- **Requirement**
Leaving out pictures, output exactly the lines below from the one that has "必须穿防护鞋带防护手套验厂指令必须标牌标识安全标志牌警告警示" through the one that has "商业工作计划的制定与执行.docx_第2页", and nothing else.

- **Record extracts**
=======
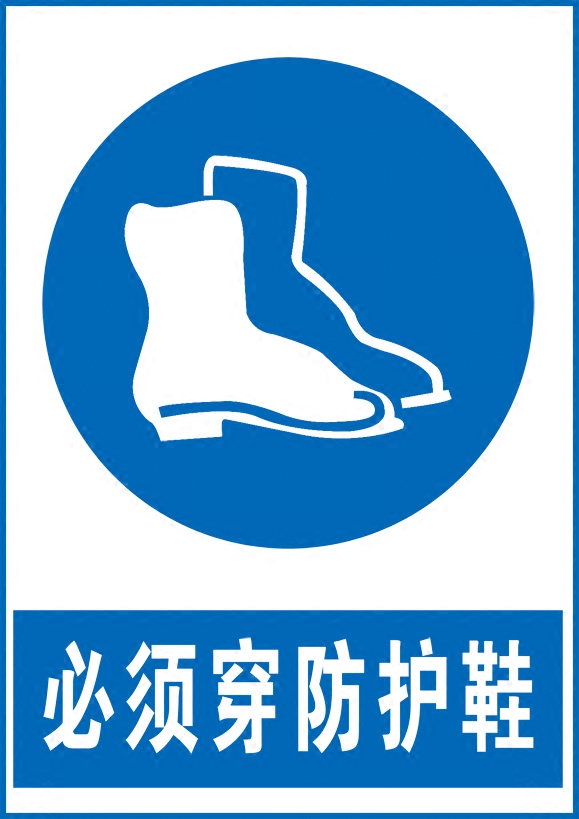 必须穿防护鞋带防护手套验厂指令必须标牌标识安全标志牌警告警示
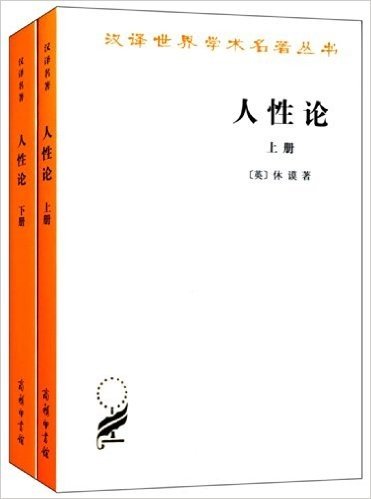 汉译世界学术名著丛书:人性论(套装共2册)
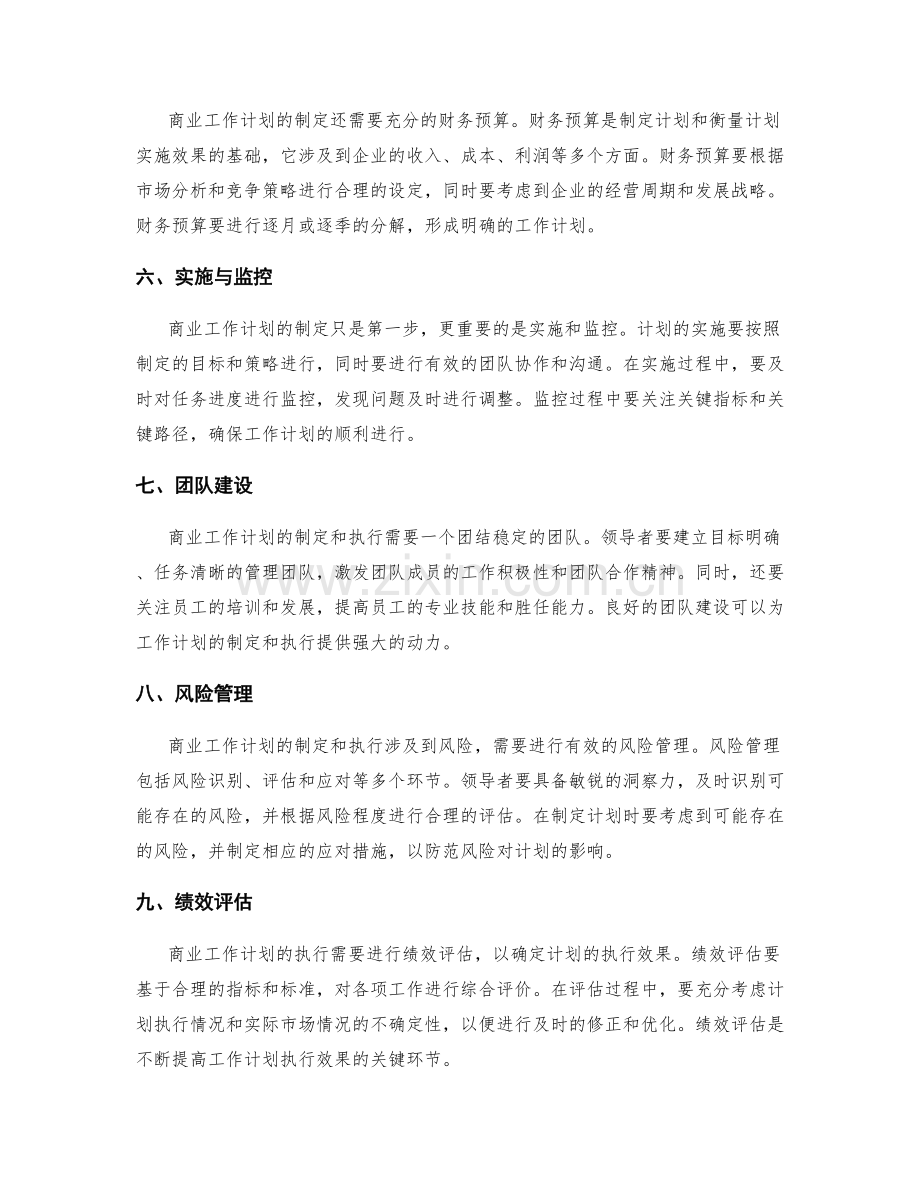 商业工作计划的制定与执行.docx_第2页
=======
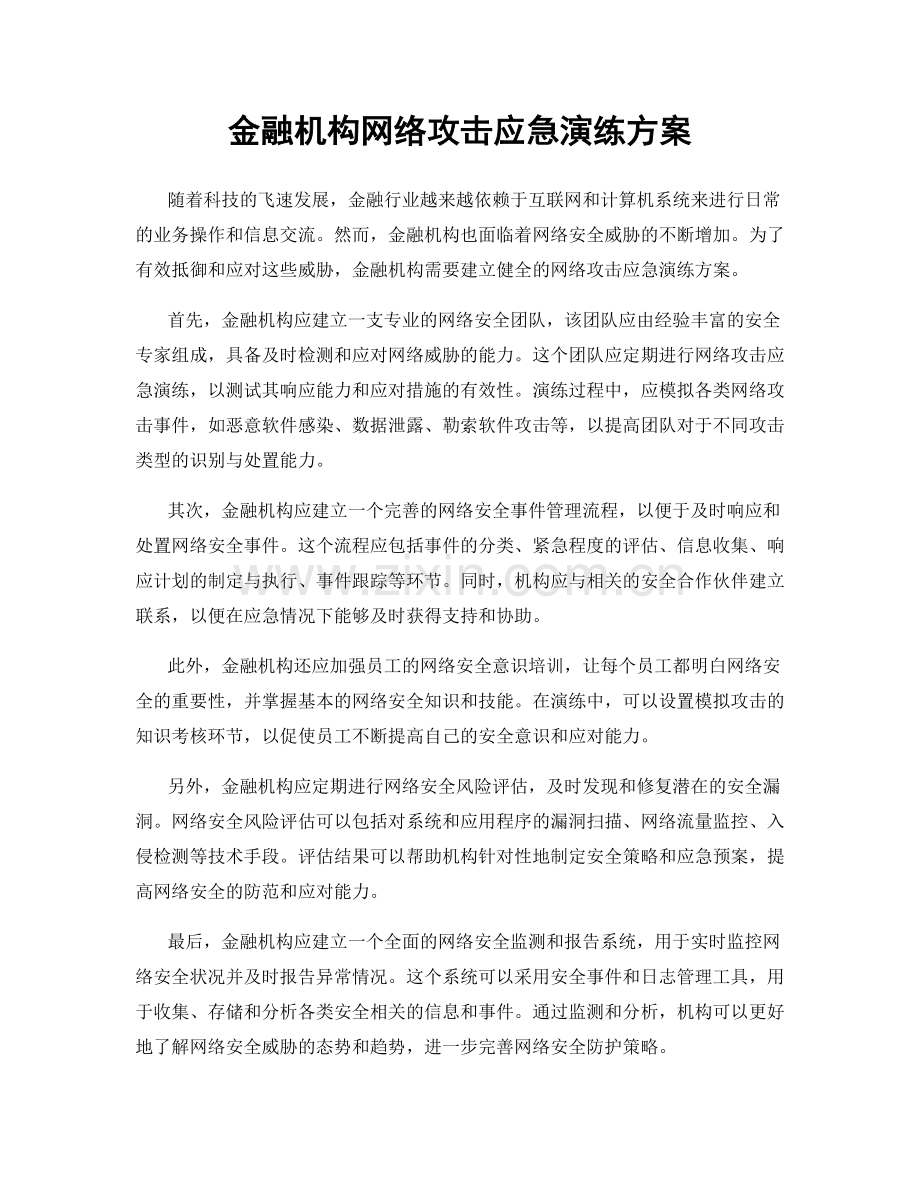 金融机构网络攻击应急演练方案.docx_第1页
=======
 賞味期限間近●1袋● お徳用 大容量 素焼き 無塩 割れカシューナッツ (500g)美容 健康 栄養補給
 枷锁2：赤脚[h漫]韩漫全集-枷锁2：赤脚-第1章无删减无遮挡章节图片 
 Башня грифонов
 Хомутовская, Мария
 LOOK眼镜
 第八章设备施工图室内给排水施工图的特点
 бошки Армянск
=======
- **Written answer**
 必须穿防护鞋带防护手套验厂指令必须标牌标识安全标志牌警告警示
 汉译世界学术名著丛书:人性论(套装共2册)
 商业工作计划的制定与执行.docx_第2页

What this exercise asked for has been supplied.